Without getting involved in theories other than lambda logic, we could of course simply make the type specifications explicit, relativizing the variables to the specified types. Our untyped (or implicitly typed) proof would then convert directly to a proof of this relativized version in lambda logic.

Russell's paradox

It is quite amusing that this very same proof is also a proof of Russell's paradox. To see this, we use the usual representation of sets in lambda calculus, namely we regard u ε v as an abbreviation for Ap(v,u), where v is a boolean-valued mapping. Then if we add the axioms Ap(c,x) = x and Ap(J,x) = x to the input file, the term x = lambda(u,not(Ap(Ap(c,u)),u)) is just another notation for

{ u: u is not in Ap(c,u) } = {u : u is not in u }.

That is just the Russell set R, automatically defined by untyped lambda unification. Note that the Russell paradox
cannot even be formulated in type theory--that was, after all, the point of Russell's invention of type theory. Of course,
we could remove c and J entirely, rather than adding extra axioms saying they are the identity, but leaving them in shows
the relation between Cantor's theorem and Russell's paradox more clearly.

We might try to escape Russell's paradox in two different ways, informally. We might claim that the problem is the axiom w != not(w); we could say that this doesn't hold for arbitrary objects, but only for "boolean" objects, or "propositions", whatever they are. This axiom was important in the proof and if we take it out of the file, no proof is found. Alternately, we might try to escape Russell's paradox by claiming that the problem is that Ap is taken to be total; what the paradox "really" shows is that Ap(R,R) is undefined.

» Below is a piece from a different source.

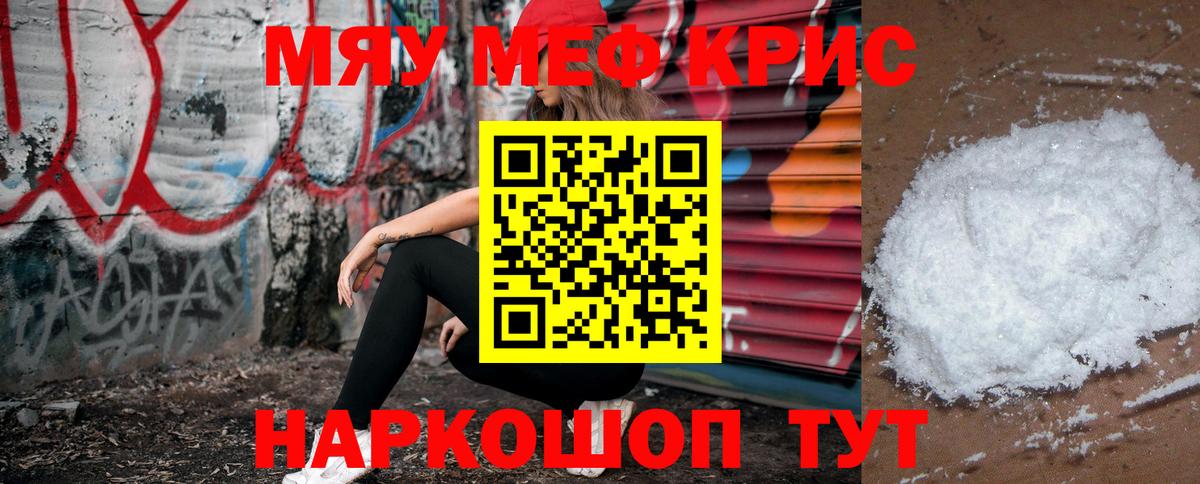 Меф мяу мяу Зеленодольск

This first suggestion, that not does not have a fixed point, is problematic in lambda logic, since every function has a fixed point. In fact, the Russell paradox is nothing but the standard fixed point construction for not: if R = lambda(x, not(Ap(x,x))) then Ap(R,R) is a fixed point of not. If we want to take the view that the solution is that not doesn't have a fixed point, we have to use partial lambda logic instead of lamba logic, in which case we can consistently postulate that not has no fixed point. Then the paradox can be taken only to show that RR must be undefined, since otherwise not would have RR as a fixed point. Thus the first apparent solution really implies the second; if we want to regard sets as boolean-valued functions, we can't cling to the notion that all functions are total.

[1] Peter B. Andrews, Matthew Bishop, Sunil Issar, Dan Nesmith, Frank Pfenning, Hongwei Xi, TPS: A Theorem Proving System for Classical Type Theory, Carnegie Mellon University Department of Mathematics Research Report 94-166A, February, 1995. Available on the Weg in pdf format , while the published version [2] is not available electronically.

[2] Peter B. Andrews, Matthew Bishop, Sunil Issar, Dan Nesmith, Frank Pfenning, Hongwei Xi, TPS: A Theorem Proving System for Classical Type Theory, Journal of Automated Reasoning 16, 1996, 321-353.